- _RECORD SET_
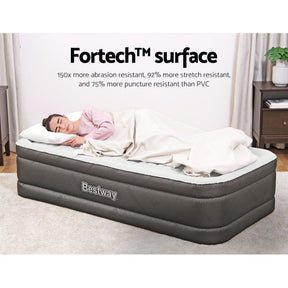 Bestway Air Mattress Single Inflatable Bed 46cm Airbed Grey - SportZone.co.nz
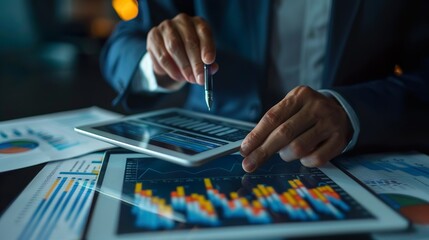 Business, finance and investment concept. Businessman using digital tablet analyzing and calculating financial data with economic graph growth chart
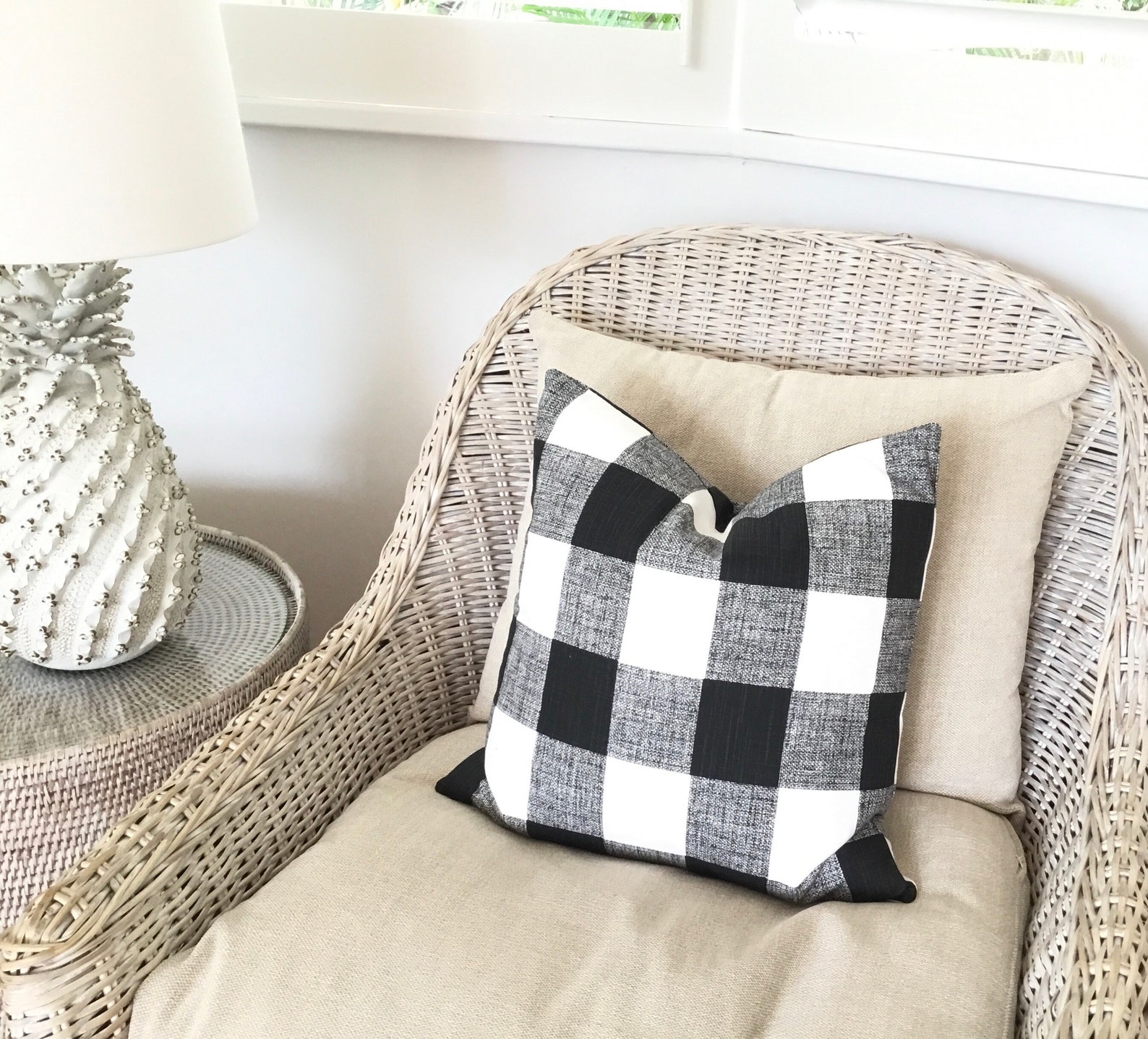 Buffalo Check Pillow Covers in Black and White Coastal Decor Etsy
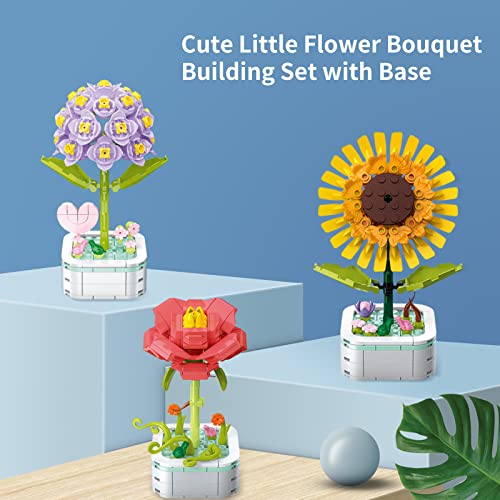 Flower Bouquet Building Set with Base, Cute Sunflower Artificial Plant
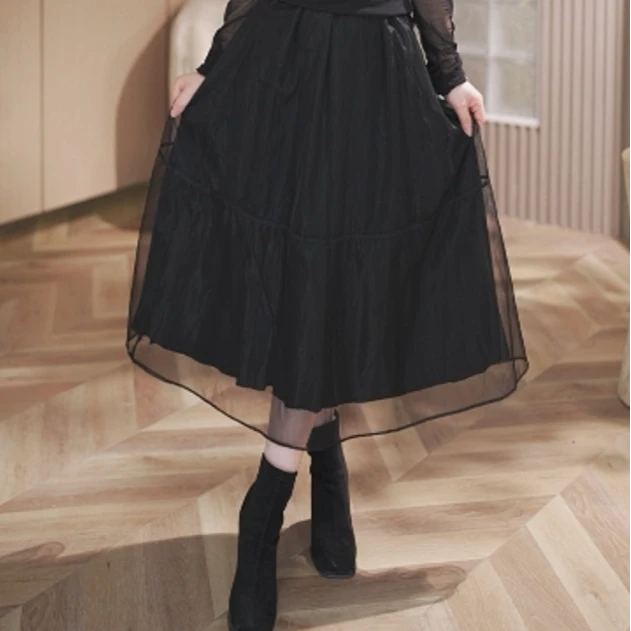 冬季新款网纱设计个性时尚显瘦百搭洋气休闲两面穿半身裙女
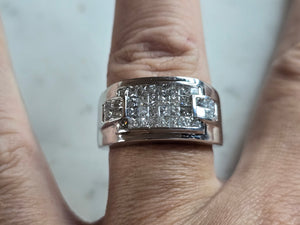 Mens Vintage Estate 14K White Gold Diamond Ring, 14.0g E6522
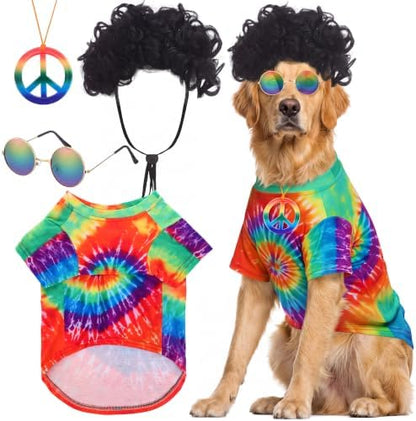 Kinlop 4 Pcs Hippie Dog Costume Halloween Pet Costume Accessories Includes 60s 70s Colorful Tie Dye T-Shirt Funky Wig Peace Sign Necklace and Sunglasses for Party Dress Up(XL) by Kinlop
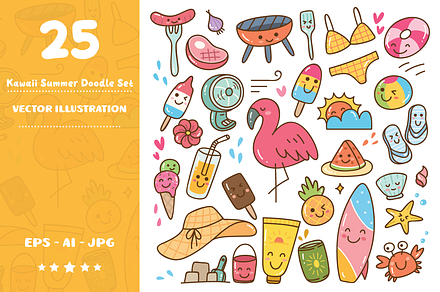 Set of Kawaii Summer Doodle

- _BRIEF_
Nothing but the lines from the first line of the records above to the line with "Mens Vintage Estate", inclusive, should be transcribed exactly, and the pictures must be left out.

- _ANSWER_
 Bestway Air Mattress Single Inflatable Bed 46cm Airbed Grey - SportZone.co.nz
 Business, finance and investment concept. Businessman using digital tablet analyzing and calculating financial data with economic graph growth chart
 Buffalo Check Pillow Covers in Black and White Coastal Decor Etsy
 Flower Bouquet Building Set with Base, Cute Sunflower Artificial Plant
 冬季新款网纱设计个性时尚显瘦百搭洋气休闲两面穿半身裙女
 Mens Vintage Estate 14K White Gold Diamond Ring, 14.0g E6522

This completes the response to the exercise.